The manifest schema has containers for the following OSDU® Group types:
- ReferenceData (zero or more) - A set of permissible values to be used by other (master or transaction) data fields. Examples include Unit of Measure (feet), Currency, etc.
- MasterData (zero or more) - A single source of basic business data used across multiple systems, applications, and/or process. Examples include Wells and Wellbores
- WorkProduct (WP) (one - must be present if loading WorkProductComponents) - A session boundary or collection (project, study) encompasses a set of entities that need to be processed together. As an example, you can take the ingestion of one or more log collections.
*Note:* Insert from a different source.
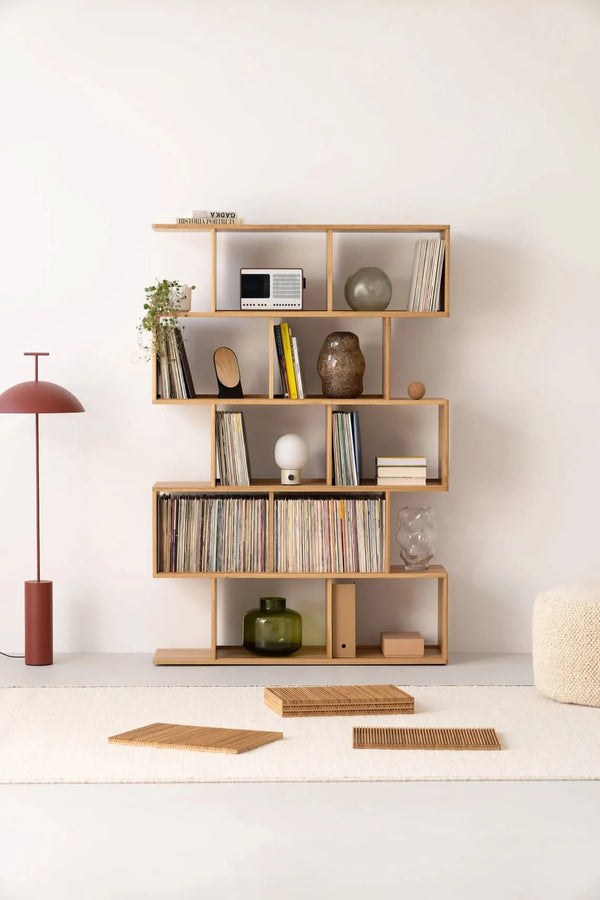  - Wooden Bazar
- WorkProductComponents (WPC) (zero or more - must be present if loading datasets) - A typed, smallest, independently usable unit of business data content transferred as part of a Work Product (a collection of things ingested together). Each Work Product Component (WPC) typically uses reference data, belongs to some master data, and maintains a reference to datasets. Example: Well Logs, Faults, Documents
- Datasets (zero or more - must be present if loading WorkProduct and WorkProductComponent records) - Each Work Product Component (WPC) consists of one or more data containers known as datasets.
The Manifest data is loaded in a particular sequence:
- The 'ReferenceData' array (if populated).
- The 'MasterData' array (if populated).
- The 'Data' structure is processed last (if populated). Inside the 'Data' property, processing is done in the following order:
- the 'Datasets' array
- the 'WorkProductComponents' array
- the 'WorkProduct'.
Any arrays are ordered. should there be interdependencies, the dependent items must be placed behind their relationship targets, for example, a master-data Well record must be placed in the 'MasterData' array before its Wellbores.
Manifest-based file ingestion workflow
Azure Data Manager for Energy instance has out-of-the-box support for Manifest-based file ingestion workflow. Osdu_ingest
Airflow DAG is pre-configured in your instance.
Manifest-based file ingestion workflow components
The Manifest-based file ingestion workflow consists of the following components:
- Workflow Service - A wrapper service running on top of the Airflow workflow engine.
- Airflow engine - A workflow orchestration engine that executes workflows registered as DAGs (Directed Acyclic Graphs). Airflow is the chosen workflow engine by the OSDU® community to orchestrate and run ingestion workflows. Airflow isn't directly exposed, instead its features are accessed through the workflow service.
- Storage Service - A service that is used to save the manifest metadata records into the data platform.
- Schema Service - A service that manages OSDU® defined schemas in the data platform. Schemas are being referenced during the Manifest-based file ingestion.
- Entitlements Service - A service that manages access groups. This service is used during the ingestion for verification of ingestion permissions. This service is also used during the metadata record retrieval for validation of "read" writes.
- Legal Service - A service that validates compliance through legal tags.
- Search Service is used to perform referential integrity check during the manifest ingestion process.
Pre-requisites
Before running the Manifest-based file ingestion workflow, customers must ensure that the user accounts running the workflow have access to the core services (Search, Storage, Schema, Entitlement and Legal) and Workflow service (see Entitlement roles for details). As part of Azure Data Manager for Energy instance provisioning, the OSDU® standard schemas and associated reference data are pre-loaded. Customers must ensure that the user account used for ingesting the manifests is included in appropriate owners and viewers ACLs. Customers must ensure that manifests are configured with correct legal tags, owners and viewers ACLs, reference data, etc.
Workflow sequence
The following illustration provides the Manifest-based file ingestion workflow:
A user submits a manifest to the Workflow Service
using the manifest ingestion workflow name ("Osdu_ingest"). If the request is proper and the user is authorized to run the workflow, the workflow service loads the manifest and initiates the manifest ingestion workflow.
The workflow service executes a series of manifest syntax validation
like manifest structure and attribute validation as per the defined schema and check for mandatory schema attributes. The system then perform referential integrity validation
between Work Product Components and Datasets. For example, whether the referenced parent data exists.
Once the validations are successful, the system processes the content into storage by writing each valid entity into the data platform using the Storage Service API.
OSDU® is a trademark of The Open Group.